**WORK TO COMPLETE**
Each entry below must be given again word for word, with no pictures.

--------------------------------

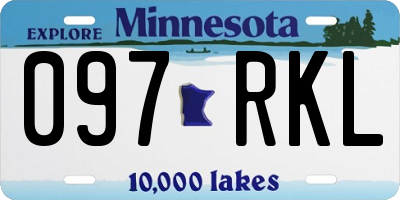 MN license plate 097RKL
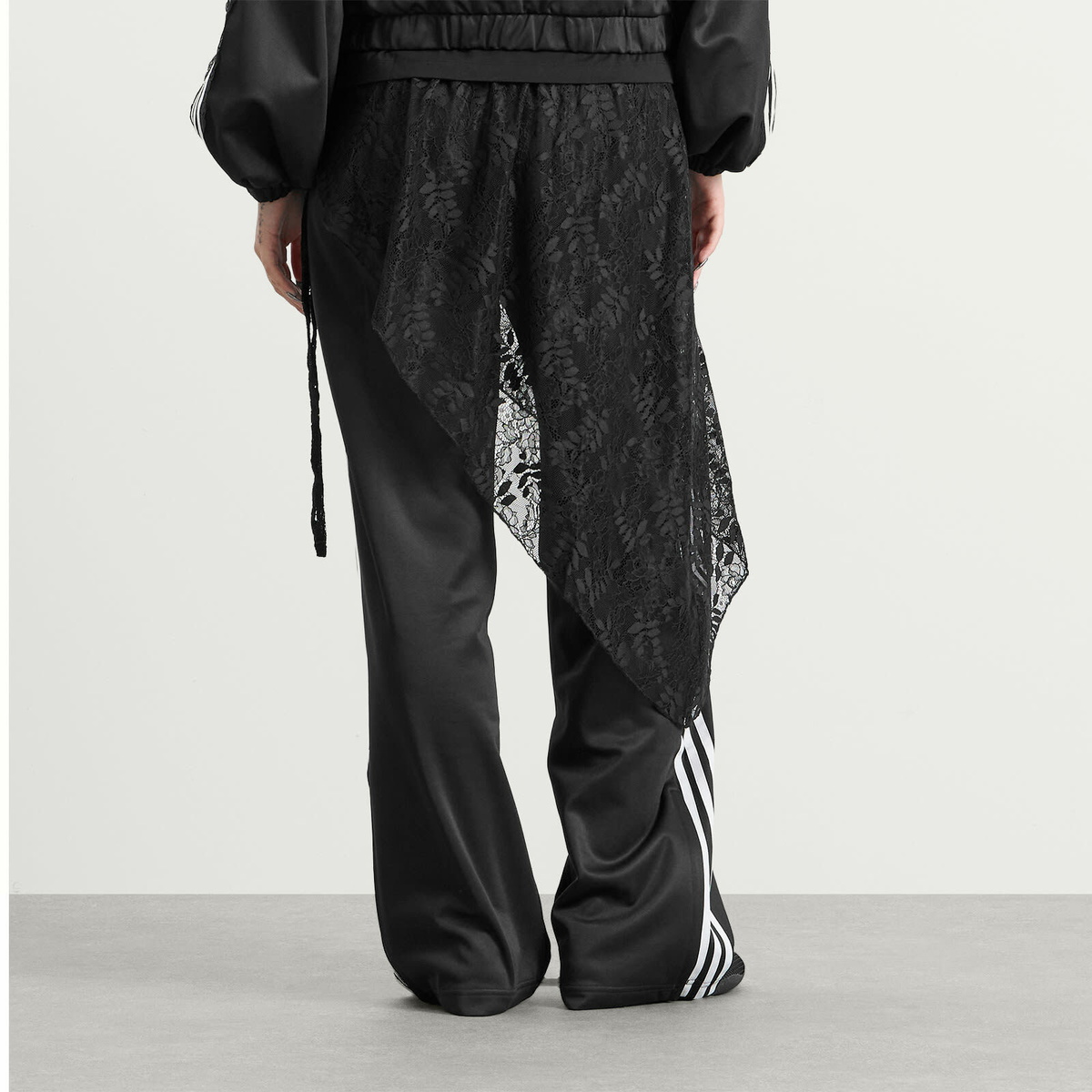 Adidas Women's 2 in 1 Lace Firebird Track Pant in Black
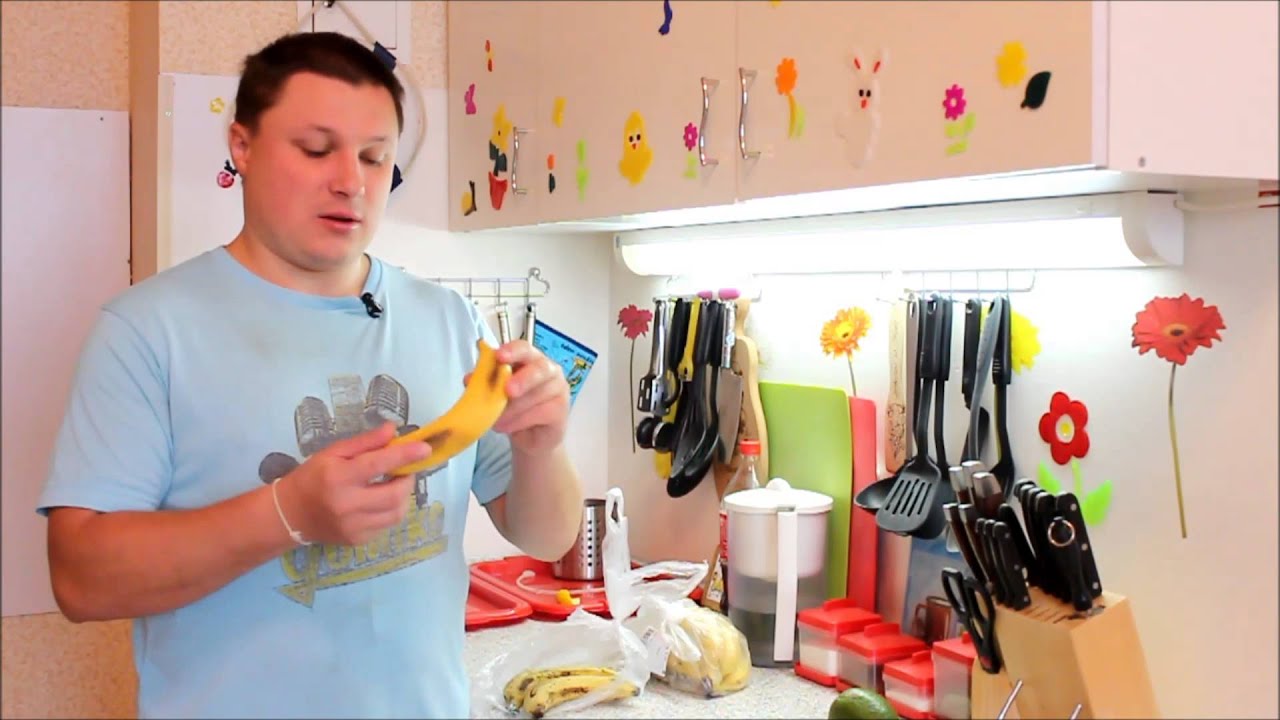 Эксперимент-как лучше хранить бананы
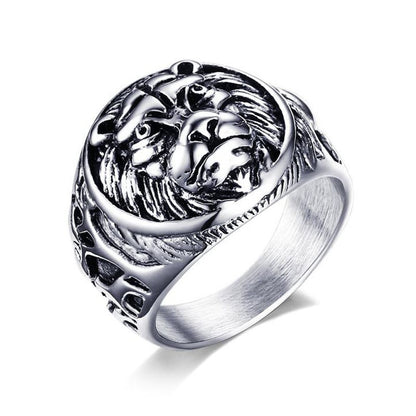 Lion Head Rings - Qobeyhub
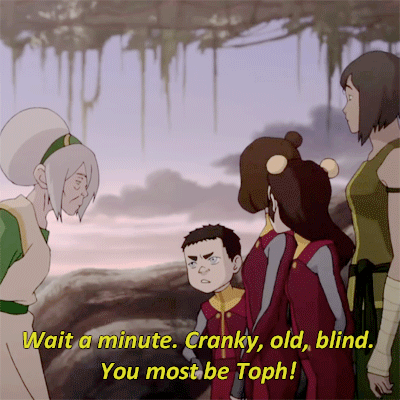 momospabu:  Aang and Katara’s grandchildren meet Toph. 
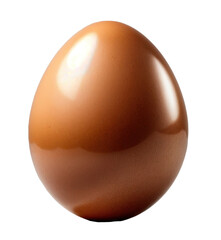 Brown egg isolated on transparent background. generative ai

--------------------------------

**YOUR RESPONSE**
 MN license plate 097RKL
 Adidas Women's 2 in 1 Lace Firebird Track Pant in Black
 Эксперимент-как лучше хранить бананы
 Lion Head Rings - Qobeyhub
 momospabu:  Aang and Katara’s grandchildren meet Toph. 
 Brown egg isolated on transparent background. generative ai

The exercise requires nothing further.